The occasion of course was the anniversary.  So five families rented lodges from a decent hotel in Portumna, a small town about 20 minutes from Galway City, in County Galway.  They were lovely and we found them easily enough, driving through the ridiculously green countryside from Shannon airport about an hour away.  Having arrived at 3pm, at roughly the same time as just about everyone else, it was time to do the standard “you look great,” “o my how you’ve grown,” and “doesn’t he look like so and so now he’s got older” for the next half hour.  By four o’clock the tables on the decking were drawn together, the beer was out, the wine was flowing, the sun was shining and I was refueling on nicotine.  Perfect.  By five o’clock the vodka was out and by six my aunt had started the cheese and crackers.  Looking like a great week to me.

Dinner in the hotel bar followed and subsequently the majority of us enjoyed a night down there.  They didn’t mind kids in the bar but the younger ones stayed at the lodges, my cousin Cian aged 11 being the exception.  My uncle Paul is musically talented and ended up taking over the entertainment when the singer when out for fags.  My godfather Adrian also gave us a rendition of ‘Two Little Boys’ before Ciara, aged 13 or 14 (I forget all their ages) stole the show – she has a quite stunning voice.  The music finished, we found a piano.  And I’ll go back to a conversation I had with my godmother Elaine’s partner Dave a few hours earlier:

“Do you like Tequila Aaron?”

“Rarely, it’s a bit harsh though, I prefer to avoid it.”

“Me too, I hate the stuff.”

Come 1am it was slightly different:

“Guinness Aaron?”

“Please, and a shot if you’re man enough?”

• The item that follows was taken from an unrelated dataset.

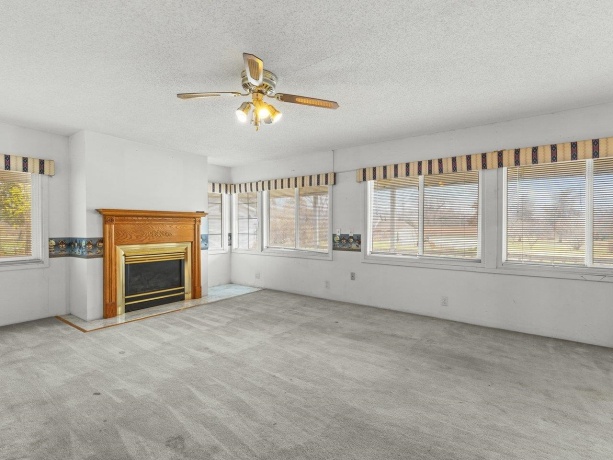 3619 Chippewa, ROCKFORD, Illinois 61102, 3 Bedrooms Bedrooms, ,3 BathroomsBathrooms,House,For Sale,Chippewa,202507300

There were whisperings of a nightcap at the lodges but we discovered we were all pretty wobbly on our feet by the end of the night.  And I was excited about going to bed, it was the first time I’ve been able to smoke in bed since Uni – result!

Saturday was the first game of the premiership season which meant I dragged a few of us to the pub to watch Tottenham batter Manchester City, we somehow drew 0-0 and Joe Hart was incredible.  My cousins also started to come out of their shells.  The youngest being eight and with me not seeing them for a few years everyone was a bit shy on the Friday but a big game of football on the green saw to that and I had them all teaching me how to play hurling as well.

We all went back to the bar for more music in the night but the singers were a bit shit and not much fun to be honest.  It was a quieter one until I suggested to my sister Sinead at about 11pm that we check out the town on a Saturday night.  My younger sister Orla and eldest cousin Eoin (both 17) came along and the pub we went to was rammed, the music was better and the guinness was cheaper.  Lubbly jubbly.  With the others ready to leave I went out for a fag on my own, about 20 seconds later I was chatting away to two Irish girls and their English cousin from Leeds.  We quickly became matey as I told him how much I love Leeds because of a weekend I told you about elsewhere…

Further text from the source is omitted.